Cet article est publié parallèlement à un dossier sur du9 où j’analyse le comique chez Fabcaro

Fabcaro-2012Être un grand admirateur de Fabcaro m’a toujours donné l’impression d’appartenir à une élite secrète de connaisseurs éclairés. Peut-être est-ce parce qu’il aime, dans ses albums et dans les interviews, souligner que son public est « restreint et fidèle », pour reprendre les termes d’une interview de Maël Rannou1. Sur la couverture d’On est pas là pour réussir (La Cafetière, 2012), album sur le monde de la bande dessinée, il se montre seul à sa table de dédicace, caché derrière la file d’attente de son voisin. De quoi entretenir le mythe (?) d’un auteur rare dont les albums connaissent des tirages limités mais capable de rassembler autour de lui un petit noyau de lecteurs acharnés. Il y a là un peu de l’archétype de « l’auteur alternatif ». Il serait toutefois dommage de le réduire à cette posture décalée : ses premiers travaux, certes alimentaires, ont prouvé qu’il savait aussi s’adresser à un public plus large. Il faut rappeler qu’il est aussi écrivain, et qu’il a publié son seul roman, Figurec, dans l’illustre collection blanche de Gallimard en 2006, ce qui n’est pas la moindre des reconnaissances littéraires. En réalité, être lecteur de Fabcaro, c’est aller de surprises en surprises, découvrir à chaque fois de nouveaux pans de son œuvre soigneusement cachés, aimer certains de ses albums, en éviter d’autres, mais dans tous les cas apprécier l’humilité constante qu’il met dans son travail comme une marque de qualité.

Ajoutez à cela que se renseigner sur Fabcaro n’est pas forcément évident de prime abord… On trouve certes sur le web un entretien daté de 2009, un autre de la même année par Tobhias Willis dans Jade, et un dernier plus récent de 2013 par Maël Rannou pour du9. Mais pas de site web, et l’article Wikipédia le concernant est « insufisamment détaillé ou incomplet ». De toute évidence, Fabcaro n’est pas un auteur visible mais, pourtant, il est un auteur présent car sa bibliographie sur bédéthèque.com recense une vingtaine de titres publié depuis 2005 dont la série Amour, passion et CX Diesel avc James que j’ai déjà pu évoqué sur ce blog. Il me semblait donc légitime d’évoquer sa carrière et, je l’espère, vous donner envie d’aller plus loin.

On peut, grossièrement, distinguer trois parties dans le travail d’auteur de bande dessinée de Fabcaro. Une partie de sa production est constituée de travaux de commande réalisés, comme scénariste et sous le pseudonyme de Fab, pour les éditions Jungle (Les annonces en BD, Les Marseillais). N’ayant pas lu ces albums je serais bien en peine de vous les décrire… Ce sera donc principalement le reste de son œuvre qui va m’intéresser.

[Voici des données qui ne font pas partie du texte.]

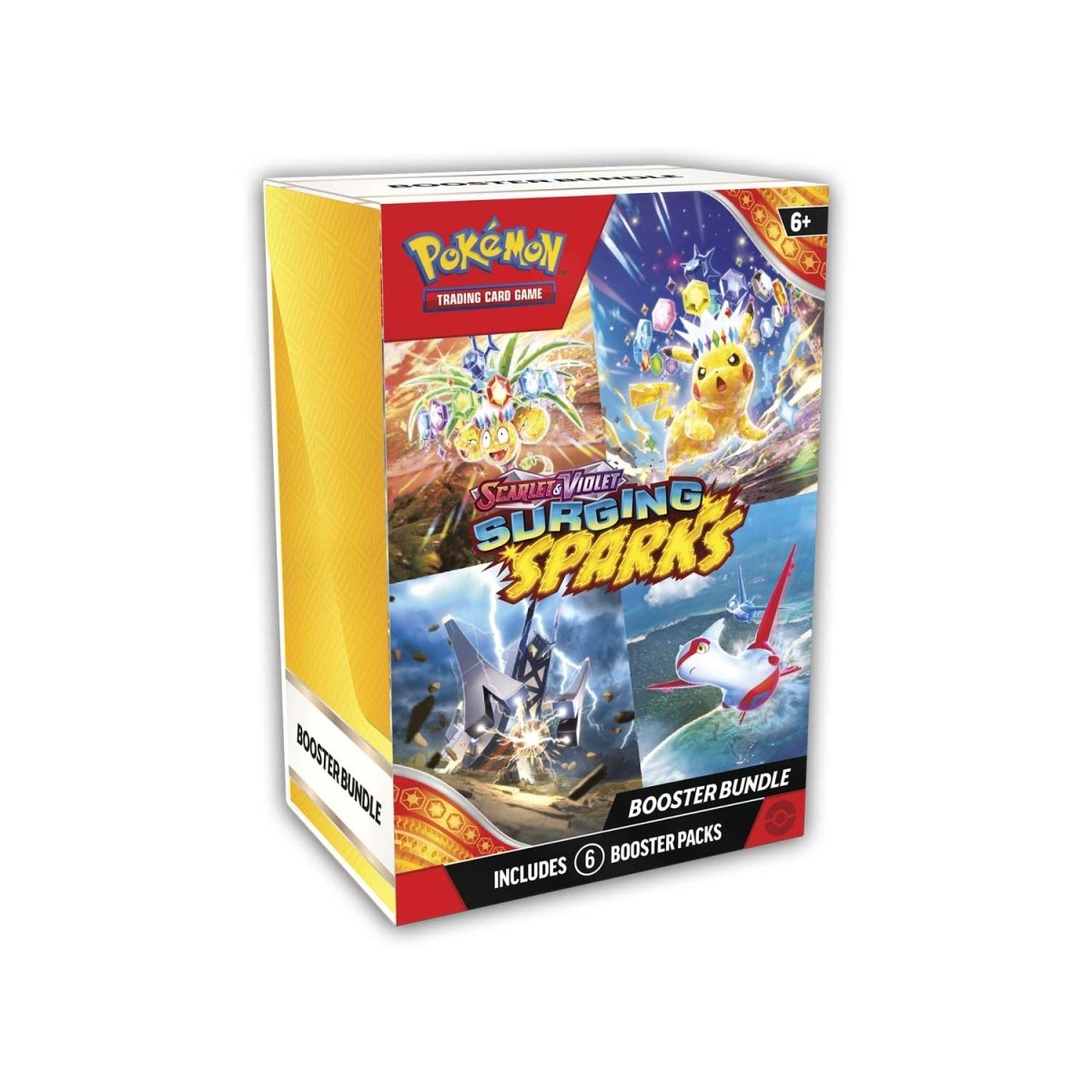 Pokémon TCG: Scarlet & Violet-Surging Sparks Booster Bundle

Une partie est publiée dans de petites maisons d’édition : Fabcaro est un habitué des maisons « historiques » de l’édition alternative que sont 6 pieds sous terre et La Cafetière, mais on va également le retrouver chez de plus petits et plus récents éditeurs comme Vide Cocagne, Même pas mal, Altercomics ou Ottoprod. Sans oublier ses débuts à Psikopat dans les années 2000. Une autre partie de sa carrière, plus récente, se déroule chez de plus « gros » éditeurs historiquement plus installés : Le Lombard, Glénat, Dargaud et Audie/Fluide Glacial (et à travers lui le groupe Flammarion). Un profil plutôt classique qui est celui de beaucoup d’auteurs ayant débuté dans l’édition alternative et qui, au gré des projets, circulent d’un milieu éditorial à l’autre. Chez Fabcaro, cette distinction recouvre aussi une différence thématique puisque ses travaux dans l’édition alternative sont généralement des one shot plus personnels voire autobiographiques tandis que pour les gros éditeurs il se concentre sur des séries à gags plus traditionnelles. Rien de très original là-dedans, à deux exceptions près. D’une part, comme d’autres de ses confrères (je pense à Alex Baladi), Fabcaro continue de publier dans des fanzines, couvrant ainsi tout le spectre de l’édition de bandes dessinées. D’autre part, comme le rappelle Maël Rannou, il a entrepris depuis 2011 une spécialisation dans la scénarisation au service d’autres dessinateurs : James, Fabrice Erre et Gilles Rochier, notamment, qui sont aussi des auteurs réguliers de 6 pieds sous terre. Il déclare d’ailleurs à ce propos : « Je ne me sens pas dessinateur, je me sens avant tout narrateur. ». la part « scénaristique » de son travail, curieusement, constitue comme un retour aux pratiques de ses travaux plus alimentaires pour Jungle, mais de façon beaucoup plus assumée, comme si le passage par des projets d’auteur complet avait été nécessaire pour qu’il se façonne une patte « personnelle » de scénariste.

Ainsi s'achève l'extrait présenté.